Stored items
────────────────
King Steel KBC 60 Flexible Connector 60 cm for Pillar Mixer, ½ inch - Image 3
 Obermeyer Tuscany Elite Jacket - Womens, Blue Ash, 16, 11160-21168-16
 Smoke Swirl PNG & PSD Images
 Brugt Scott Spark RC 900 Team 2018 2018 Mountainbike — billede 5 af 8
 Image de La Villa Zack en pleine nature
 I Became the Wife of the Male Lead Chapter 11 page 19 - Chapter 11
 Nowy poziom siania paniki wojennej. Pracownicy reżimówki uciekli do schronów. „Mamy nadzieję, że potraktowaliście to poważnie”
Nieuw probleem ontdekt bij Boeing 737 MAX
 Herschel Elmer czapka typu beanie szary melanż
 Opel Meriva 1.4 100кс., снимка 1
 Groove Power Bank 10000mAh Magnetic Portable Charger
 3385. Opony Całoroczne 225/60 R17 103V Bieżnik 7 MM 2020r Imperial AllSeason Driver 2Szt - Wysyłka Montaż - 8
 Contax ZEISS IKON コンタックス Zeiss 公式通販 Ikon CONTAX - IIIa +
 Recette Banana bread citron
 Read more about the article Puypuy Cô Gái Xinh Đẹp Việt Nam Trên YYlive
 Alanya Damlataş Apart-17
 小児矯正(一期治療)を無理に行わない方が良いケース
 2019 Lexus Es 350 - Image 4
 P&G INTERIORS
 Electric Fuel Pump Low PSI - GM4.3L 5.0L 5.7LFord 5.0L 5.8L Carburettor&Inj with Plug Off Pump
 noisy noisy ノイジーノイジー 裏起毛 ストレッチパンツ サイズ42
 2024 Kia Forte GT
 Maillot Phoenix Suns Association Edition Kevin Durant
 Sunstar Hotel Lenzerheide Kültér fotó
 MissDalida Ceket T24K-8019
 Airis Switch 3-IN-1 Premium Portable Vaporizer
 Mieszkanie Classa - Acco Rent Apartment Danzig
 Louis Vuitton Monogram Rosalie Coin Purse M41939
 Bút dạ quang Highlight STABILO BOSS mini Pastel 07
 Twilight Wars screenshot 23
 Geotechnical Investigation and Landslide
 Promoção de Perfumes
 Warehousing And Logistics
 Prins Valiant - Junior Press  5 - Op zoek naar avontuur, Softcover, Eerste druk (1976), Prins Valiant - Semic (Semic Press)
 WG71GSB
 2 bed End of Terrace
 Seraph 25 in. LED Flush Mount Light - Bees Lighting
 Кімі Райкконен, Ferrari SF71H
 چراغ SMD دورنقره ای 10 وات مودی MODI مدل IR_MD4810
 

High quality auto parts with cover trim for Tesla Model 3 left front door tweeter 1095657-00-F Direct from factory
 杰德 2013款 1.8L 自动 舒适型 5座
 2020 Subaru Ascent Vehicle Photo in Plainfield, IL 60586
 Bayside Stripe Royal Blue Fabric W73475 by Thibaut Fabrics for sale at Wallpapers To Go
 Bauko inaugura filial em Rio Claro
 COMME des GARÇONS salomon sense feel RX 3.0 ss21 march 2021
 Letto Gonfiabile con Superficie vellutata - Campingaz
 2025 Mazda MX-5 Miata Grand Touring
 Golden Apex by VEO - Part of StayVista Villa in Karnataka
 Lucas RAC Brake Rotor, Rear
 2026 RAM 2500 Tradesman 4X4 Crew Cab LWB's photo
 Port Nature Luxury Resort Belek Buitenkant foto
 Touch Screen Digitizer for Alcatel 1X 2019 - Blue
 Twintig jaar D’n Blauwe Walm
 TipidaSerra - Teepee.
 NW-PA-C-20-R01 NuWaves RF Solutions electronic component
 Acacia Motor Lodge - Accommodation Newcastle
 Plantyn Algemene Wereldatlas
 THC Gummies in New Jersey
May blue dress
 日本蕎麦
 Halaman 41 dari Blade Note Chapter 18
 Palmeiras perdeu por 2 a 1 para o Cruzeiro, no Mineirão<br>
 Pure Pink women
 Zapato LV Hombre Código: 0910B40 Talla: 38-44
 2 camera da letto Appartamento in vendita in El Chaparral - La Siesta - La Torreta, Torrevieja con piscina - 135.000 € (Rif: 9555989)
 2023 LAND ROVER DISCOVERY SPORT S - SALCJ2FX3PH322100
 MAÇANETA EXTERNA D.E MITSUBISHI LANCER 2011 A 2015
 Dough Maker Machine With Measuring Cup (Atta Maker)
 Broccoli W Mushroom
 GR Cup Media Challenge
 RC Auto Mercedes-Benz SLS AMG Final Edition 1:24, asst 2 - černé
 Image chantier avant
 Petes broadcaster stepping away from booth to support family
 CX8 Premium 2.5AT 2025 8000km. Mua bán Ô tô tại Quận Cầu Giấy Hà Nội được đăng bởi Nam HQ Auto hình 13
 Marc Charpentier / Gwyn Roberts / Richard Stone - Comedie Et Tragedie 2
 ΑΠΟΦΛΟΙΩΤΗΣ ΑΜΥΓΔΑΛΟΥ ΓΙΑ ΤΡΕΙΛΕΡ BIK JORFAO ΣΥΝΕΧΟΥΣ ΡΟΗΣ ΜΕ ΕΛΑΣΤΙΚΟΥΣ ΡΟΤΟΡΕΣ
────────────────
Look over the entries for "Villa", then copy every line that includes that string.

### Reply to the task
 Image de La Villa Zack en pleine nature
 Golden Apex by VEO - Part of StayVista Villa in Karnataka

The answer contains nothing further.